Rare Disease Diagnostic Testing
Roadmap2Rare is a collection of sponsored rare disease testing services available to Canadian clinicians. Roadmap2Rare includes sponsored diagnostic testing, metabolic genotyping, and family tree screening/testing support for several rare diseases. In addition to the Roadmap2Rare services, Sanofi also offers the Rare Disease Specialty Testing Program (RDSTP), which provides complimentary biomarker analysis and immunogenicity testing, to monitor disease activity in diagnosed patients and immune response in treated patients, as well as the Rare Together Patient Support Program, which provides support for rare disease patients on Sanofi therapy, and their treating clinicians.
The Roadmap2Rare Diagnostic Program is a diagnostic testing program sponsored by Sanofi Canada and provided through Revvity Omics (formerly PerkinElmer Genomics) at no charge to Canadian clinicians. To access this testing, please visit the Revvity Omics site:
The Roadmap2Rare Diagnostic Program covers the cost of diagnostic testing for the following lysosomal storage disorders
Pompe Disease (Acid Maltase Deficiency)
An autosomal recessive condition due to mutations in the GAA gene that cause an absence or deficiency of α-glucosidase enzyme activity, which is essential for the degradation of lysosomal glycogen.
Fabry Disease
An X-linked progressive disorder of glycosphingolipid metabolism caused by a deficiency or absence of lysosomal α-galactosidase A activity, due to mutations in the GLA gene.
Gaucher Disease
Mutations in the GBA gene that lead to deficiency or absence of glucocerebrosidase, which in turn causes a build-up of glycosylceramide and glucosylsphingosine in the macrophage lysosomes. Gaucher is inherited in an autosomal recessive manner.
Acid Sphingomyelinase Deficiency (ASMD)
Mutations in the SMPD1 gene that result in a deficiency of enzyme acid sphingomyelinase and a subsequent accumulation of sphingomyelin and other lipids in cells. ASMD is inherited in an autosomal recessive manner.
Mucopolysaccharidosis I (MPS-I)
Mutations in the IDUA gene that affect α-L-iduronidase, resulting in a build-up of its key substrates, the glycosaminoglycans dermatan sulfate and heparan sulfate.
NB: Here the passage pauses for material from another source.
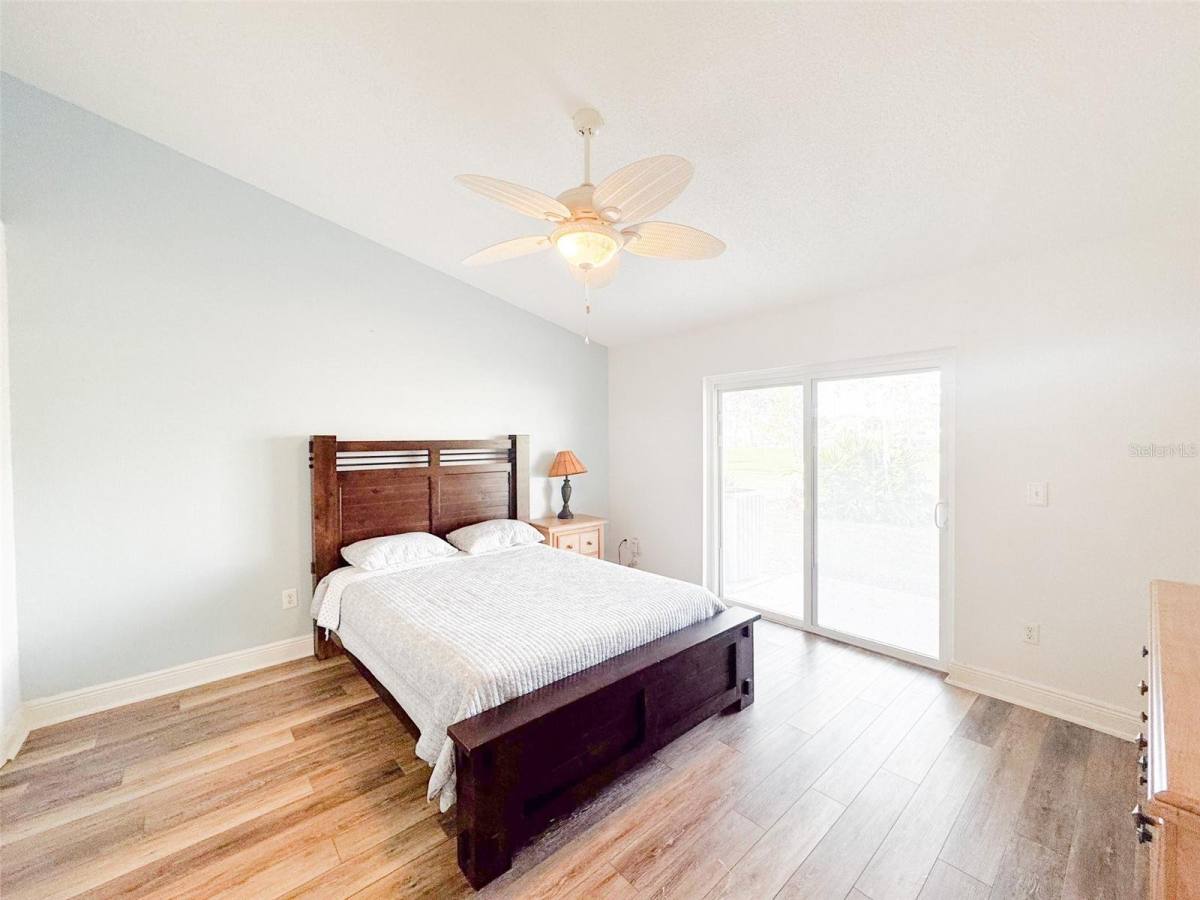 House for rent at 2474 Saint Augustine Blvd, Haines City, FL 33844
MPS-I is inherited in an autosomal recessive manner.
The program also includes two multi-gene, next generation sequencing panels that can be used for differential diagnoses
Muscle Disorders Panel
This panel covers 122 genes and is available for patients who show laboratory evidence suggestive of a muscle pathology (e.g., from EMG, CK, muscle biopsy, MRI) in addition to at least one of the following: muscle weakness, unexplained respiratory insufficiency and/or other symptom(s) supporting muscle involvement such as exercise intolerance, rhabdomyolysis and/or myalgia.
Hypertrophic Cardiomyopathy (HCM) Panel
This panel covers 60 genes and is available for patients who have unexplained cardiomyopathy or cardiac arrhythmia, and/or who have a confirmed family history of HCM of unknown origin.
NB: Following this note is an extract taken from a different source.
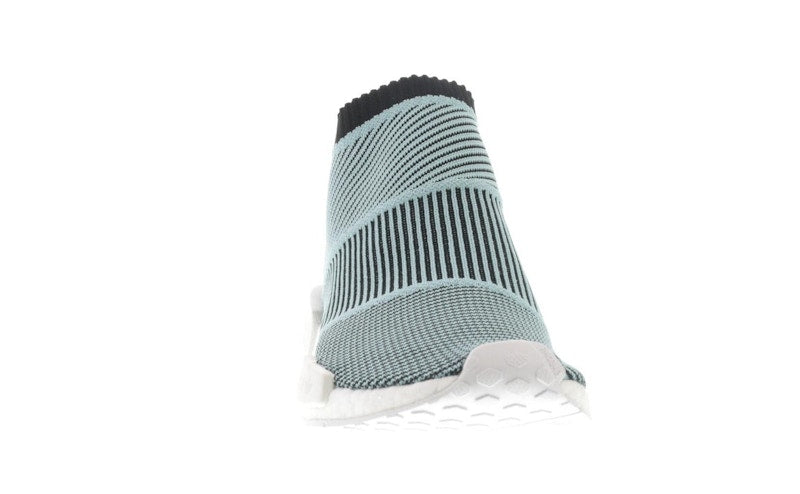 adidas NMD CS1 Parley Blue Spirit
Family tree screening and testing
Family History: Testing and Tools
Rare diseases often have a genetic component, and so family history can be important. Through the Roadmap2Rare Diagnostic Program, Sanofi Canada sponsors familial variant testing after clinician identification of a proband patient. To request familial variant testing visit the Revvity Omics (formerly PerkinElmer Genomics) site.
The Fabry Find Tool
Sanofi Canada offers the Fabry Find Tool to help clinicians build family trees after the identification of a Fabry proband patient.
Metabolic genotyping
For Gaucher disease, treatment decisions may require additional information about a patient’s metabolic genotype; specifically, CYP2D6 metabolizer status may affect the dose and appropriateness of certain treatments. Sanofi Canada sponsors CYP2D6 metabolizer status determination (“genotyping”) in collaboration with ARCHIMEDlife.
Contact us to request complimentary CYP2D6 genotyping for adult patients with Gaucher disease type 1, or for more information about this testing service.
The Roadmap2Rare Diagnostic Program is not intended to, and should not, interfere in any way with a clinician’s or patient’s independent judgement and freedom of choice in the testing and treatment options for these diseases. Clinicians and patients should always consider the full range of testing and treatment options and select those most appropriate for the individual patient.